§ Exercise objective
Every line from the one holding "First Christmas, 1st" to the end of the entries should be repeated exactly, with the pictures left out.

§ Listed records

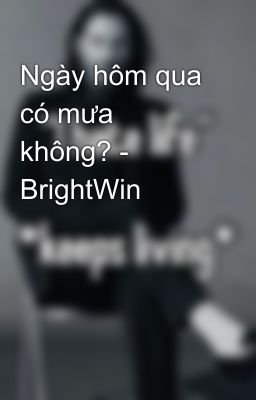 Ngày hôm qua có mưa không? - BrightWin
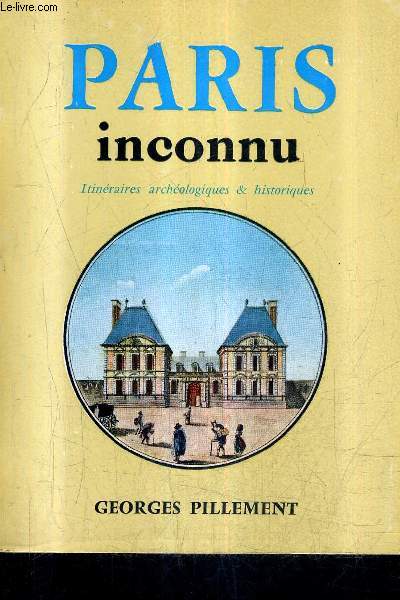 PARIS INCONNU - ITINERAIRES ARCHEOLOGIQUES & HISTORIQUES.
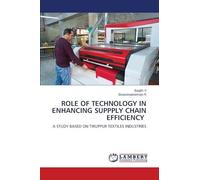 ROLE OF TECHNOLOGY IN ENHANCING SUPPPLY CHAIN EFFICIENCY: A STUDY BASED ON TIRUPPUR TEXTILES INDUSTRIES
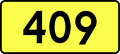 English: Sign of DW 409 with oficial font Drogowskaz and adequate dimensions.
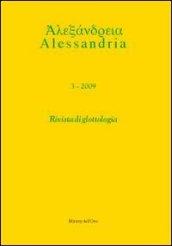 Alessandria. Rivista di glottologia (2009). Ediz. multilingue: 3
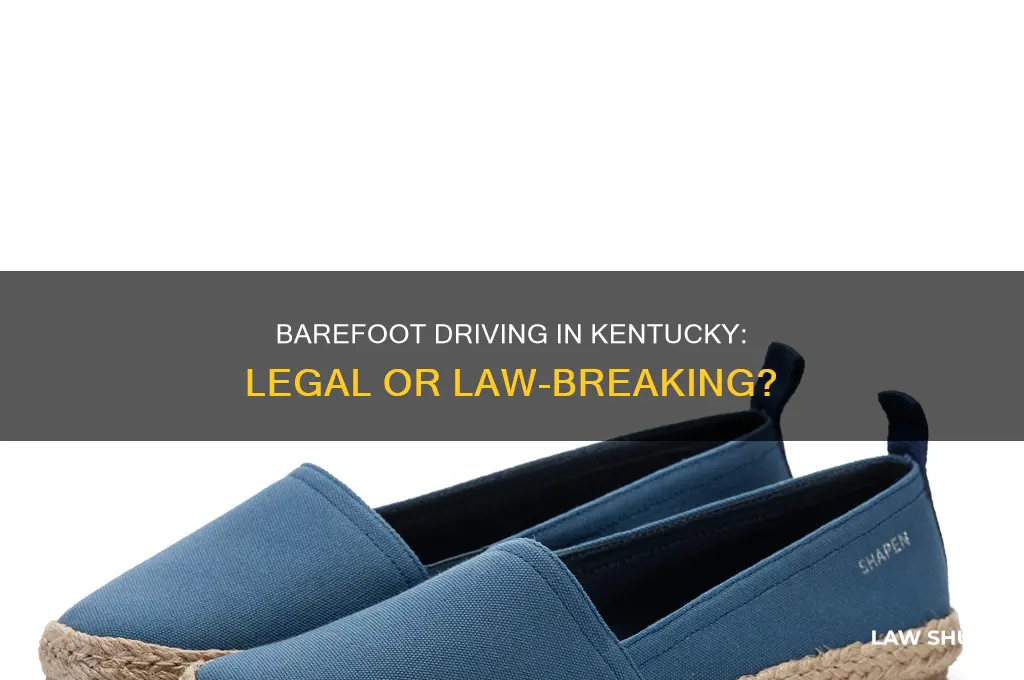 is it against the law to drive barfooted in ky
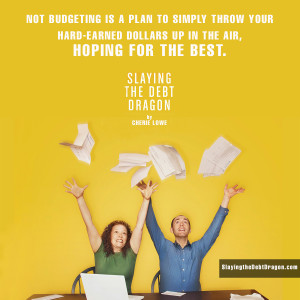 Not budgeting is a plan to simply throw your hard earned dollars up in the air, hoping for the best. 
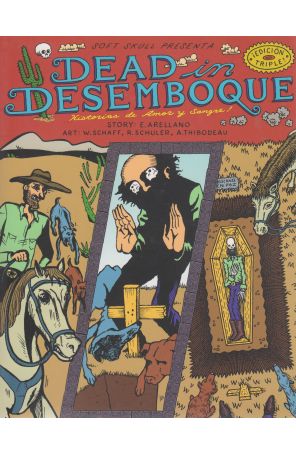 Dead In Desemboque GN 1 published by Soft Skull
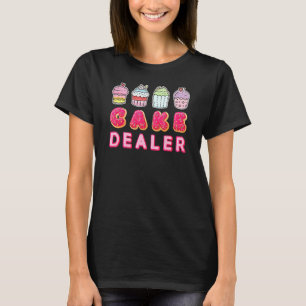 Camiseta Cake Dealer Cupcake Baking Chef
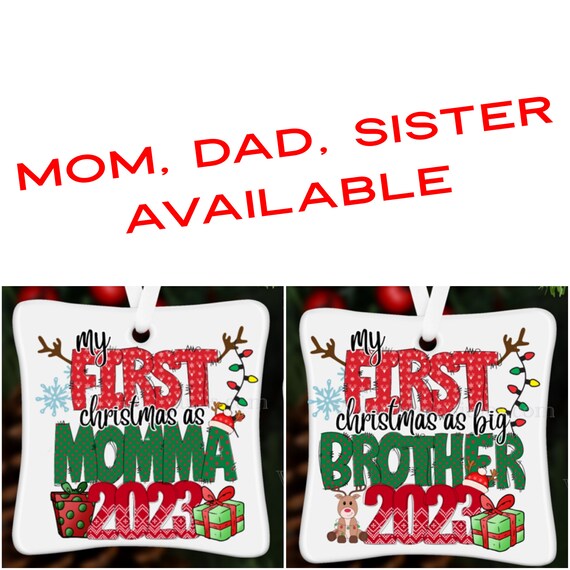 First Christmas, 1st Christmas, Mom, Mamma, Dad, Dadda, Big Sister, Big Brother, Ornament, Christmas Ornament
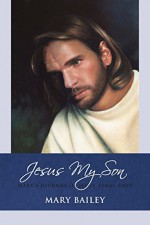 Jesus My Son: Mary's Journal of Jesus' Final Days (Volume 3) - Mary Bailey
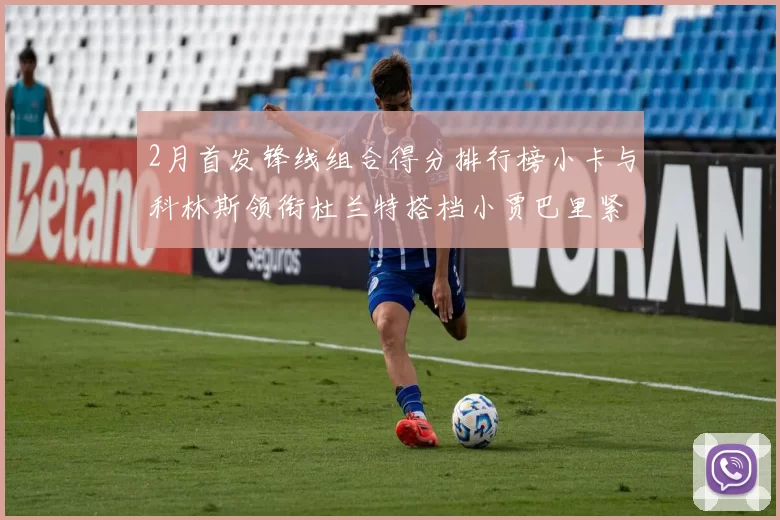 2月首发锋线组合得分排行榜小卡与科林斯领衔杜兰特搭档小贾巴里紧随其后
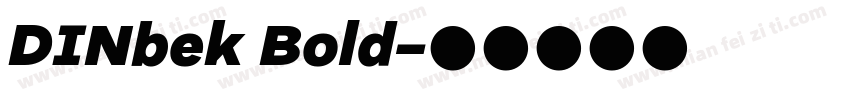 DINbek Bold字体转换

§ Task result
 First Christmas, 1st Christmas, Mom, Mamma, Dad, Dadda, Big Sister, Big Brother, Ornament, Christmas Ornament
 Jesus My Son: Mary's Journal of Jesus' Final Days (Volume 3) - Mary Bailey
 2月首发锋线组合得分排行榜小卡与科林斯领衔杜兰特搭档小贾巴里紧随其后
 DINbek Bold字体转换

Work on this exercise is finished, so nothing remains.